With such a world as this, it is a difficult matter to reason. After listening to all I have said, it may perhaps cut me short by reminding me, that nature herself declares it to be right and proper, that we should reproduce our species without calculation or restraint. I will ask, in reply, whether nature also declares it to be right and proper, that when the thermometer is at 96°, we should drink greedily of cold water, and drop down dead in the streets? Let the world be told, that if nature gave us our passions and propensities, she gave us also the power wisely to control them; and that, when we hesitate to exercise that power we descend to a level with the brute creation, and become the sport of fortune—the mere slaves of circumstance.[[24]]
To one other argument it were not, perhaps, worth while to advert, but that it has been already speciously used to excite popular prejudice.
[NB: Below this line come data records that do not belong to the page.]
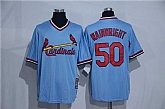 St. Louis Cardinals #50 Adam Wainwright Mitchell And Ness Blue Stitched Pullover Jersey,baseball caps,new era cap wholesale,wholesale hats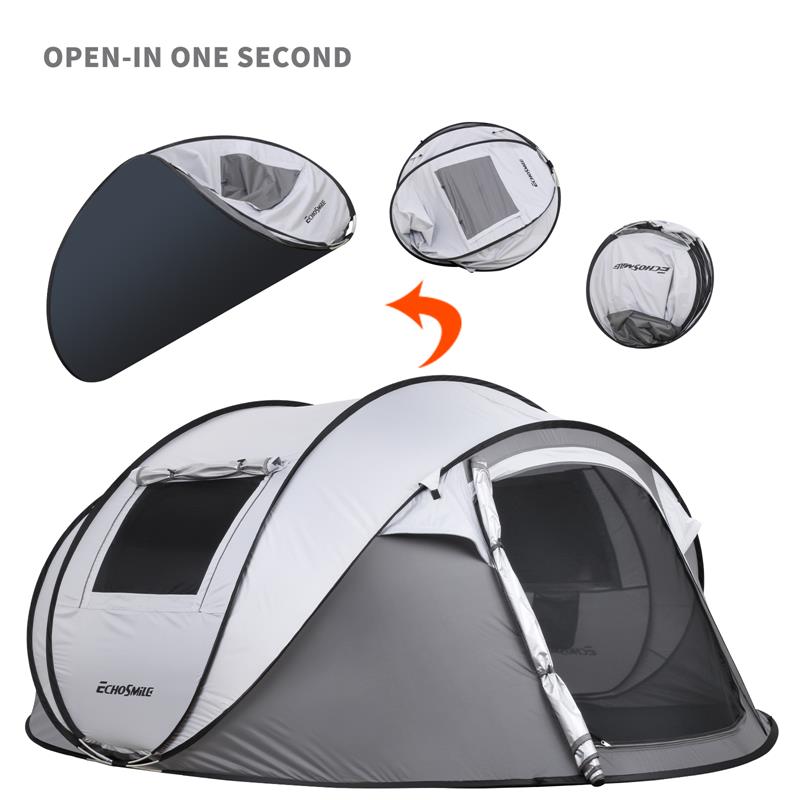 Echosmile 4-6 Person Gray Pop Up Tent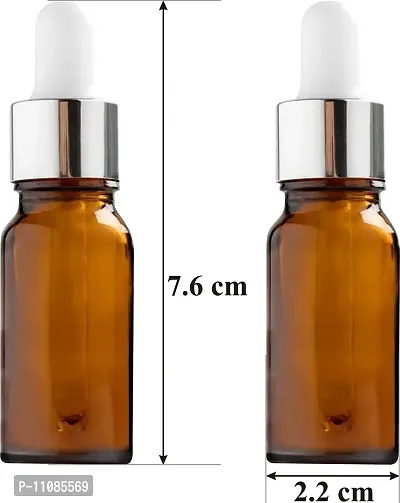 Zenvista Meditech Amber Glass Dropper Bottle with Silver Plating Cap for Essential Oils, Fragrances, Perfumes,Serum Bottles,Essential OIl bottles DIY Skin Care (10 ml) - Pack of 5-thumb2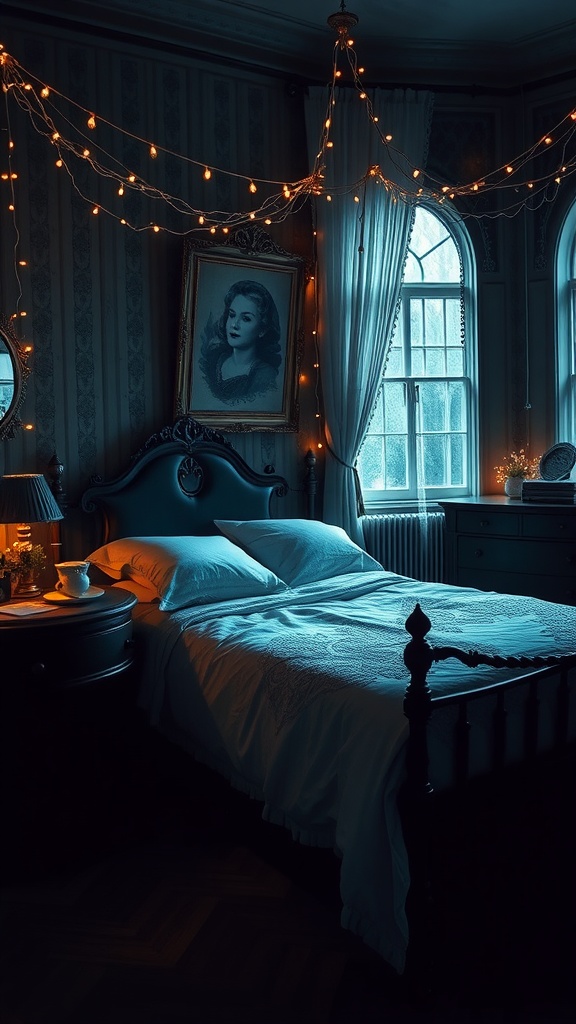 A cozy bedroom with fairy lights, a vintage portrait, and a warm, mystical atmosphere.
It has been said, that to recommend to mankind prudential restraint in cases where children cannot be provided for, is an insult to the poor man; since all ought to be so circumstanced that they might provide amply for the largest family. Most assuredly all ought to be so circumstanced; but all are not. And there would be just as much propriety in bidding a poor man to go and take by force a piece of Saxony broadcloth from his neighbour’s store, because he ought to be able to purchase it, as to encourage him to go on producing children, because he ought to have wherewithal to support them. Let us exert every nerve to correct the injustice and arrest the misery that results from a vicious order of things; but, until we have done so, let us not, for humanity’s sake, madly recommend that which grievously aggravates the evil; which increases the burden on the present generation, and threatens with neglect and ignorance the next.